Suhail Patel: I think that part of the question you asked is how long does it take to drive that change. I think the answer to that is that it's continuous. It doesn't end. I've been at my company for 7 years now, and the changing of culture changes as time marches on. There are challenges that come into the foray. You meet a diverse set of people. Every single person that joins within your organization fundamentally changes the makeup of your organization, whether you like it or not. No matter what role that they join on, they could be just in the custom operations, or they could be the C-suite.

The level of magnitude and impact is going to be different between the two distinctions that I've made, but every person fundamentally changes the culture. People bring themselves in a very different way. Especially in today's day and age where you recognize most people through a Slack avatar and a profile photo. Things like, how are you doing written communication, how are you doing documentation, how are you speaking to people, what words do you use? All these things are becoming more and more materially important. Many organizations up until five years ago were relying on being face-to-face, and you see obviously a lot of organizations trying to return to that face-to-face model because they've not found an alternative way of being able to work remotely, being able to work remotely effectively. They're using the guise of like, we'll be much more productive in person, or we have much more collaboration in person.

I fundamentally think that they've not found a good operating model.

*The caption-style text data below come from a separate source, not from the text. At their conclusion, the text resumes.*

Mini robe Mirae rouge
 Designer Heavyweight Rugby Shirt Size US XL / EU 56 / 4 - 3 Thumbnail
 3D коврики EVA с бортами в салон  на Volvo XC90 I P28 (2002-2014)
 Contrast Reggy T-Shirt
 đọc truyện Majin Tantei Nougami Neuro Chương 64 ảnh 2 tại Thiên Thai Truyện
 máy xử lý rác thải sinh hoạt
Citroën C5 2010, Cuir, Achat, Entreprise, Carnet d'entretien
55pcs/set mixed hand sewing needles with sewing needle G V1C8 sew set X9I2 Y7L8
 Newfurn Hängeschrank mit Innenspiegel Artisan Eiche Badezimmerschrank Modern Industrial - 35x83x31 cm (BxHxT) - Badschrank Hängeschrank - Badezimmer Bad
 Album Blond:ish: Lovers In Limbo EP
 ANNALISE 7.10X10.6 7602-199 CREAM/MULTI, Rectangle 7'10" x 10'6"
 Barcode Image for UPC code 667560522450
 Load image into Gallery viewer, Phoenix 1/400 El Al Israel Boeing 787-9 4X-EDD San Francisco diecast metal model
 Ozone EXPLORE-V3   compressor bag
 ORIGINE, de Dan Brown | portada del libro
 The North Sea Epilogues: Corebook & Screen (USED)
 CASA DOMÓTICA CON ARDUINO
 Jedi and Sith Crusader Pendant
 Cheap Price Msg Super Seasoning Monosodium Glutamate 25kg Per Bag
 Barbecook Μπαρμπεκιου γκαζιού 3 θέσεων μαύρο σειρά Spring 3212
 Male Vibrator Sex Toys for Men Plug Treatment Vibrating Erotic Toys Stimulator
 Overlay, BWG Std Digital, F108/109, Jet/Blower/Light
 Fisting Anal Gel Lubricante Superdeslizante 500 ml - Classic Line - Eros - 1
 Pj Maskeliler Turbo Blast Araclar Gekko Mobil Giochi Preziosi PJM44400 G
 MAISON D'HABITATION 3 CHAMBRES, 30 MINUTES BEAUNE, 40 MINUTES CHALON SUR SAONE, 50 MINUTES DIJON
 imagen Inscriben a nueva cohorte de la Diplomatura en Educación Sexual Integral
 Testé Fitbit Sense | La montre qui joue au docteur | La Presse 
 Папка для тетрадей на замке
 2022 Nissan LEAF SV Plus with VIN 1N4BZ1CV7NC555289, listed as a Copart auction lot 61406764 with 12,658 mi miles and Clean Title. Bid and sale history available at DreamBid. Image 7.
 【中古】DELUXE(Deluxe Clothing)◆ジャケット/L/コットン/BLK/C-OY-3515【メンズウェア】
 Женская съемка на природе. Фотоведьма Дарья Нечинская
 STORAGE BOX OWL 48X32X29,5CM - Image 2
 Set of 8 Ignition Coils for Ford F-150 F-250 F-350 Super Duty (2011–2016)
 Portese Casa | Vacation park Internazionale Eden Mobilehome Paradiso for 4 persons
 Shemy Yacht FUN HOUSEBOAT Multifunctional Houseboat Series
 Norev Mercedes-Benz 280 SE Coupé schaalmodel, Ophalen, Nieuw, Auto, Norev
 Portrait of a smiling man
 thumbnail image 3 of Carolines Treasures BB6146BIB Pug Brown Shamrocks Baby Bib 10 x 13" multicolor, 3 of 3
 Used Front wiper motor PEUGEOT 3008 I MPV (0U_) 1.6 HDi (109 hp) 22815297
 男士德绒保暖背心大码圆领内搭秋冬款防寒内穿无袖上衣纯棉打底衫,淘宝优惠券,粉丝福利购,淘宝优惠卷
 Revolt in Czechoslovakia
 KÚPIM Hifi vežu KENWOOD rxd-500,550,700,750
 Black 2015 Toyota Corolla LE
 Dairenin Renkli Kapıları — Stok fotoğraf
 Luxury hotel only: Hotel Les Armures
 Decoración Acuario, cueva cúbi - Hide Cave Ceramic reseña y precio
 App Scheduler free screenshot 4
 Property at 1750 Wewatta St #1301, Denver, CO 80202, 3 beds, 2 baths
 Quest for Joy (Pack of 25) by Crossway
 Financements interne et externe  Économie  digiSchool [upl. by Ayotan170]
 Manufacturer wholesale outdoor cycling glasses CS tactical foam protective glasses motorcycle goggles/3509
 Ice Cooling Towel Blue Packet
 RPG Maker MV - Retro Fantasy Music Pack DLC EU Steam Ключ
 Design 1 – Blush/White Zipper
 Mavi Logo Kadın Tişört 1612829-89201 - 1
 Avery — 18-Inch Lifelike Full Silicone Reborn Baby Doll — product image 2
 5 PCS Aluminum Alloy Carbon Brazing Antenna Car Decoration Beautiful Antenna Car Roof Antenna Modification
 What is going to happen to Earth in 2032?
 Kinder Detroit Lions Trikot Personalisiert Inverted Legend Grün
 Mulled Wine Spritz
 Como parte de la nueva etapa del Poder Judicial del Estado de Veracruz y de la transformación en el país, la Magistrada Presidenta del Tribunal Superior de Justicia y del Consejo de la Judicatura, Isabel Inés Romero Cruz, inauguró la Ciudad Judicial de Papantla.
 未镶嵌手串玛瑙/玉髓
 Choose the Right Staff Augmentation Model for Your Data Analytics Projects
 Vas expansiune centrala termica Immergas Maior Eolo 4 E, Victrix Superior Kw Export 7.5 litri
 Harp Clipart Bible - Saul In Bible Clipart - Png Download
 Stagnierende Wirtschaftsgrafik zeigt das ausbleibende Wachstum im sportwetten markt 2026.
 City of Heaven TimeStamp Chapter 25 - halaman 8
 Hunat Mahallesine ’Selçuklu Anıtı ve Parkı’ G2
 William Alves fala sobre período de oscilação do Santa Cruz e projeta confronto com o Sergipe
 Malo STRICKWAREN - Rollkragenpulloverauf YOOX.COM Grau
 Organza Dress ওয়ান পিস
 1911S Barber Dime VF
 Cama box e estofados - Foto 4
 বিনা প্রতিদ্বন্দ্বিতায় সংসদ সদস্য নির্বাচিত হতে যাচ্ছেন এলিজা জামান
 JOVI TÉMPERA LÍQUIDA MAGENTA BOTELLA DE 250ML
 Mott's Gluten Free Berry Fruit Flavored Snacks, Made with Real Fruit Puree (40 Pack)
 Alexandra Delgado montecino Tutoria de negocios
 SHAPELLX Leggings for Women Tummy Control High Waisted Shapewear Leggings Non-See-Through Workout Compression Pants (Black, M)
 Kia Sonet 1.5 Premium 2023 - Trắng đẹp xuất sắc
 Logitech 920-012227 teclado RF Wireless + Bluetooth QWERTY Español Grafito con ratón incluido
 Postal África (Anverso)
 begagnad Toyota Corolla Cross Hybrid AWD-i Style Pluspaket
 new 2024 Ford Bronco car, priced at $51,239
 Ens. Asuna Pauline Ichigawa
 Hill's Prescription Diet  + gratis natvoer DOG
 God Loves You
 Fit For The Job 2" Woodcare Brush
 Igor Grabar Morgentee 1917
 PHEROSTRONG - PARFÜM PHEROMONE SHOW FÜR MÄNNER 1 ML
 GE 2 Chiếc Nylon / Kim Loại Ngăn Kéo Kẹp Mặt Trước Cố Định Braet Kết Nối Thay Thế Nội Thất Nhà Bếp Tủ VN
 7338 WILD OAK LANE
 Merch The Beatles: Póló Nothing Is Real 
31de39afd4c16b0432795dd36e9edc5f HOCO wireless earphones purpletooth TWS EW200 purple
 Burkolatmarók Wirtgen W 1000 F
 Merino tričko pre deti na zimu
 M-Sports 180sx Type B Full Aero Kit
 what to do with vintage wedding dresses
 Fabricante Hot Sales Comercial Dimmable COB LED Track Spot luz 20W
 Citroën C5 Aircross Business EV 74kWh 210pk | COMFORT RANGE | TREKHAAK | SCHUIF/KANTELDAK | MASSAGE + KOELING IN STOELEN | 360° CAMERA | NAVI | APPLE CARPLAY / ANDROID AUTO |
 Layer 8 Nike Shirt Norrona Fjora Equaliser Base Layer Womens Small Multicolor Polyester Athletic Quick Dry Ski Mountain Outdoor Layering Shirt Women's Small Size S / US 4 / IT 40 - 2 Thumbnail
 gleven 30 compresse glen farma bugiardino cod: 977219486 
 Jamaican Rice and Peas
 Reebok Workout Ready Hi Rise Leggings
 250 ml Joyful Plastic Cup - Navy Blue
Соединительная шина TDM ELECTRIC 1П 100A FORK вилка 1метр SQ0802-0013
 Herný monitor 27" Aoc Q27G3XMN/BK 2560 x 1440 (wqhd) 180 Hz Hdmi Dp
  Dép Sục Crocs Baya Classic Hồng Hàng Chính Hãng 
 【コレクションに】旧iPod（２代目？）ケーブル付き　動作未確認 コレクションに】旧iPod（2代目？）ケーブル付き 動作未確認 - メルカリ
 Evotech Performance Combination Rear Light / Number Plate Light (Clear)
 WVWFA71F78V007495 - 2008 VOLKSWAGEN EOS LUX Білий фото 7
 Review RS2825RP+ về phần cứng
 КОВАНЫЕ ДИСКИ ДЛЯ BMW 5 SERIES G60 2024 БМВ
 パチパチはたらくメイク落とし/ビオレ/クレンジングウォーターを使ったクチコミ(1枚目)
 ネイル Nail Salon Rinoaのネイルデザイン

Don't get me wrong, I'm not going to get into a remote working debate. There's probably a lot of values in being in an office and things like that, but there's a lot of flexibility to be offered in the kinds of people that you hire and the culture that you build when you have a culture that is fully remote-able. People can be remote permanently, but fundamentally your company culture needs to change as a result to adapt to those circumstances. I think the change in company culture, the time horizon that it happens at is continuous. It changes every single day.

Natan Žabkar Nordberg: I'll give you a formula because I'm a math guy at heart. Take whatever you think the number is, multiply it by the willingness to experiment and change, and divide it by the strength of inertia in this company. The stronger the inertia, the longer it's going to take. The more willing they are to change and experiment, the faster it's going to be.

Matthew Card: You know when you talk about change in culture, were you saying for you to change culture or for the company to change culture?

Participant 4: The culture across the company.

Matthew Card: Change by you, or?

Participant 4: Both.

Matthew Card: I just wanted to bring a bit of, just say sometimes culture won't change as well. It depends. It won't change. I always go back to resilience. That's where the resilience comes in, and the emotional intelligence. You have to know or you have to then work out how much time you're going to spend on that. I'm a big Simon Sinek fan. Simon Sinek says something like, if you're in an environment that's not going to change, don't try to change it. Just do what you can within that space. What I then say on top of that is wait for the types of energy to come your way to then band together and then keep pushing forward. You have to look after yourself. That's that emotional intelligence, as well.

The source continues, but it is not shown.